## [Exercise requirements]
An exact copy of every entry is needed here; the images stay out.

## [Records for this exercise]

+ + +

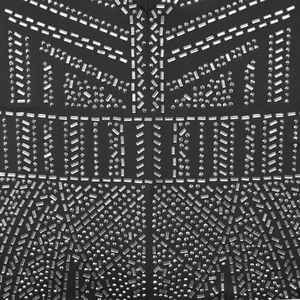 Vue détaillée des motifs géométriques en cristal et strass sur la robe de soirée noire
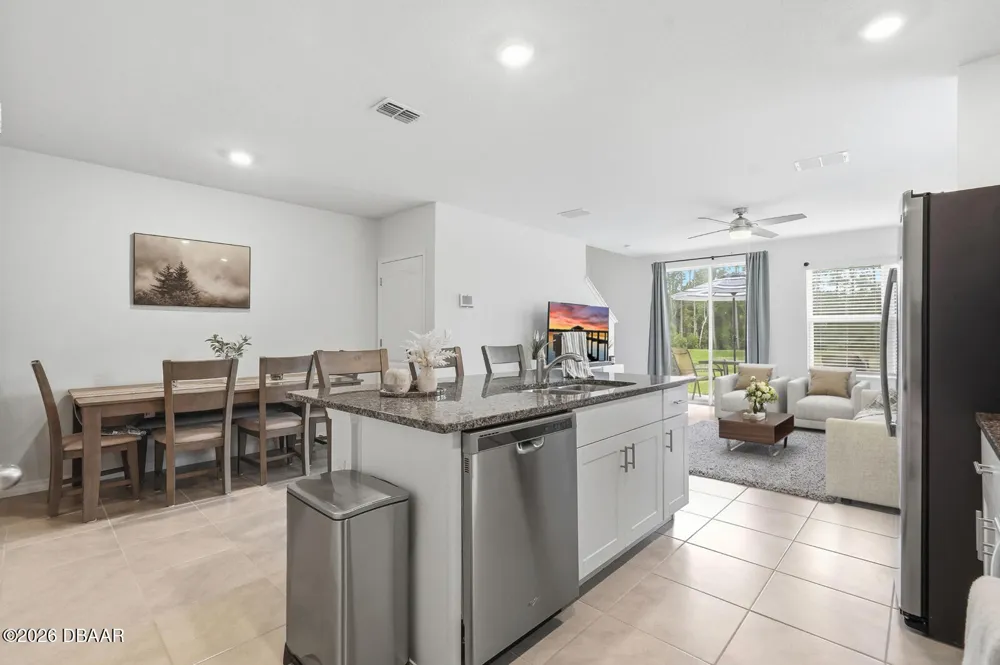 60 Bella Lago Circle Port Orange, FL 32129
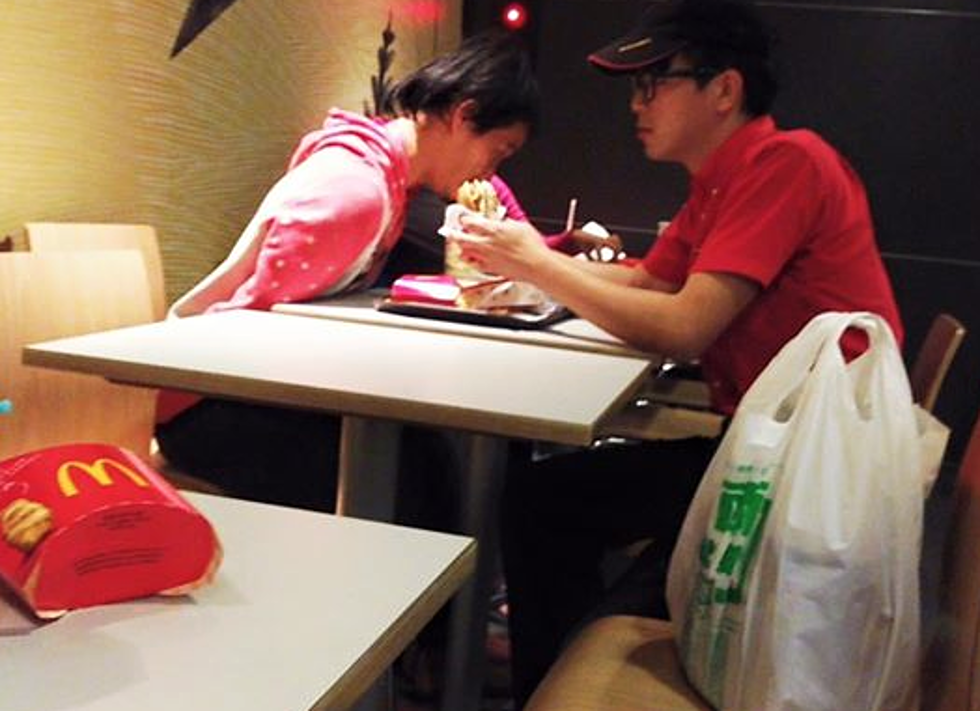 The Good News: McDonald’s Worker Feeds Manwith Disabilities [PHOTO]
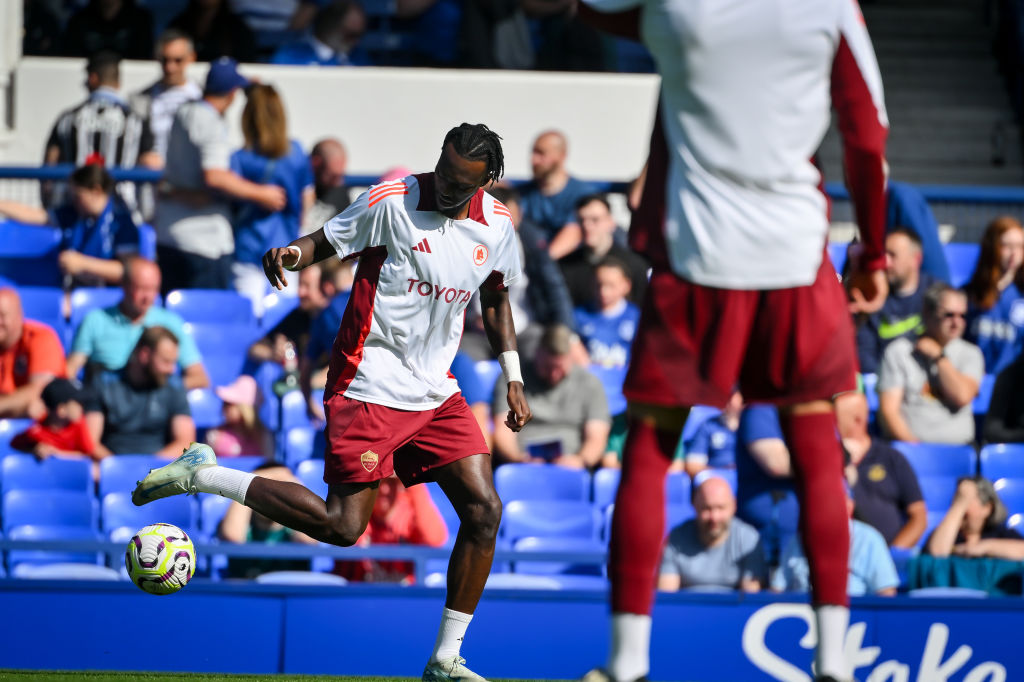 Abraham prima di Everton-Roma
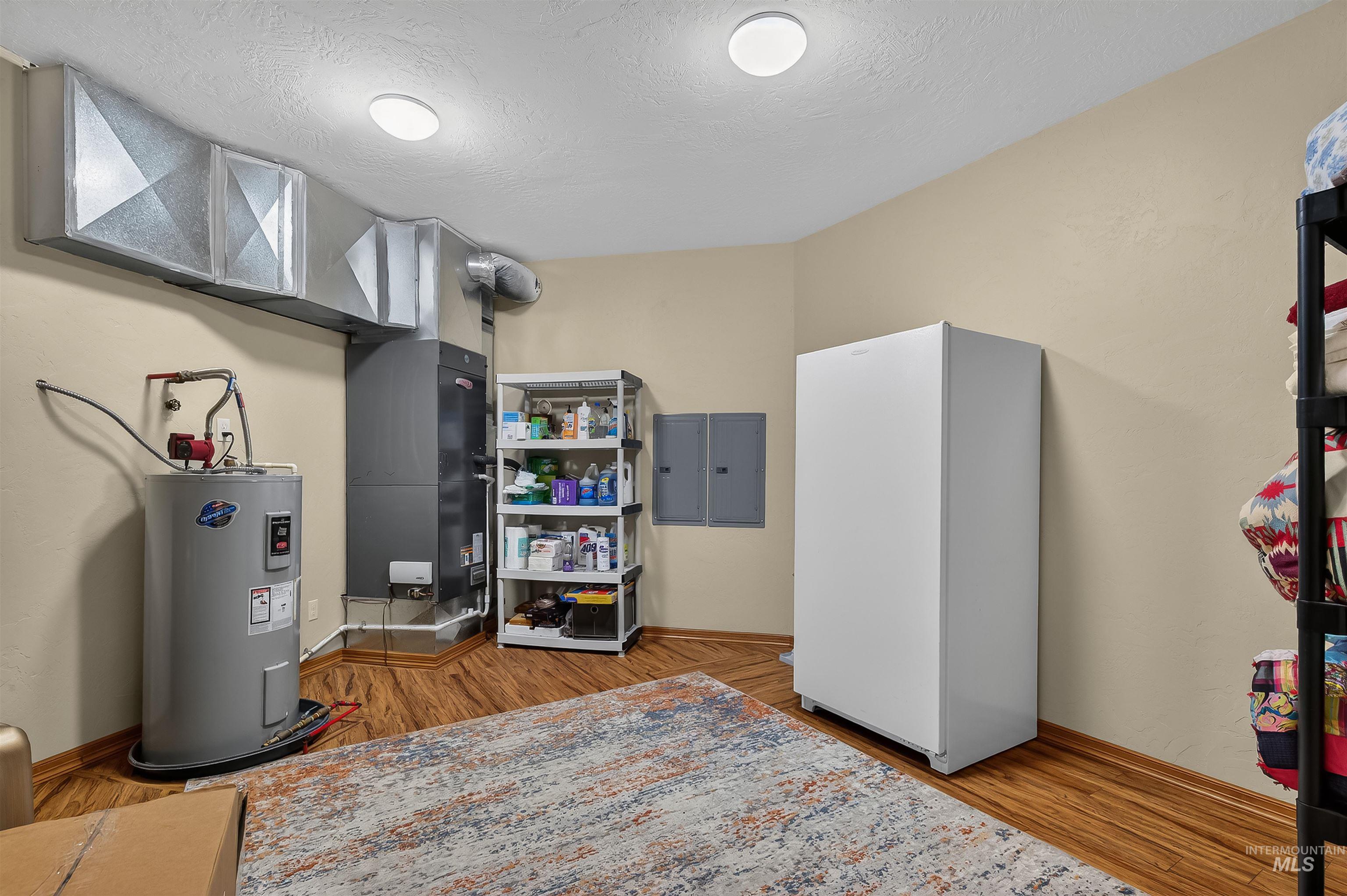 204 S 2nd St, Elk River, Idaho 83827, 3 Bedrooms, 3 Bathrooms, Residential For Sale, Price $675,000,MLS 98978369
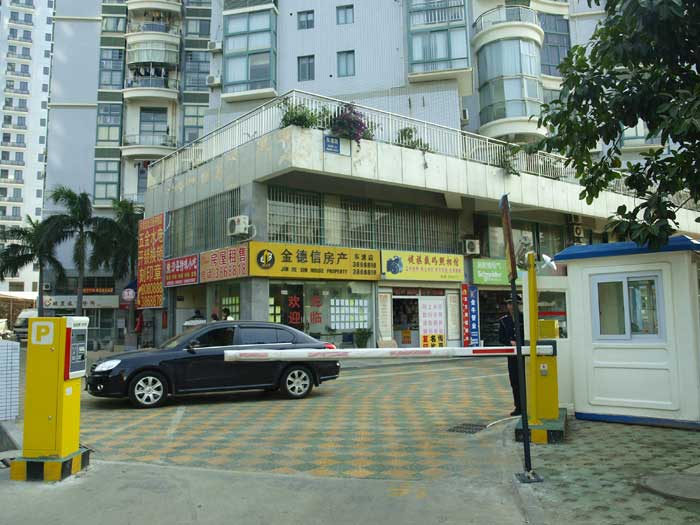 福建廈門源昌大廈道閘案例 - 中出網(wǎng)-智能出入口門戶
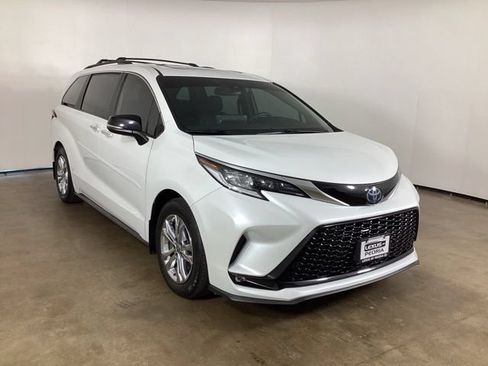 Used 2023 Toyota Sienna XSE AWD/4WD image 3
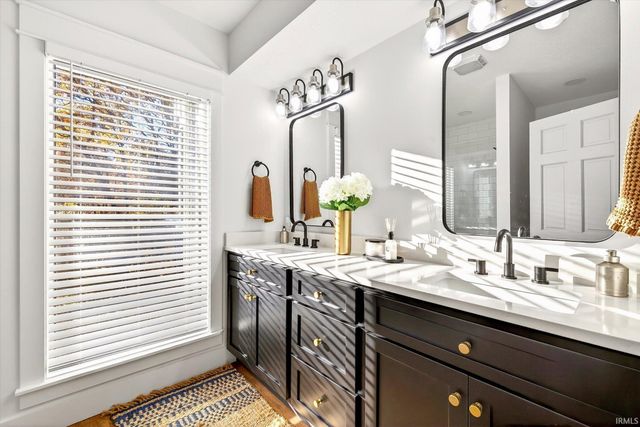 9428 S Harbour Pointe Drive, Bloomington, IN 47401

+ + +

## [Result for this exercise]
 Vue détaillée des motifs géométriques en cristal et strass sur la robe de soirée noire
 60 Bella Lago Circle Port Orange, FL 32129
 The Good News: McDonald’s Worker Feeds Manwith Disabilities [PHOTO]
 Abraham prima di Everton-Roma
 204 S 2nd St, Elk River, Idaho 83827, 3 Bedrooms, 3 Bathrooms, Residential For Sale, Price $675,000,MLS 98978369
 福建廈門源昌大廈道閘案例 - 中出網(wǎng)-智能出入口門戶
 Used 2023 Toyota Sienna XSE AWD/4WD image 3
 9428 S Harbour Pointe Drive, Bloomington, IN 47401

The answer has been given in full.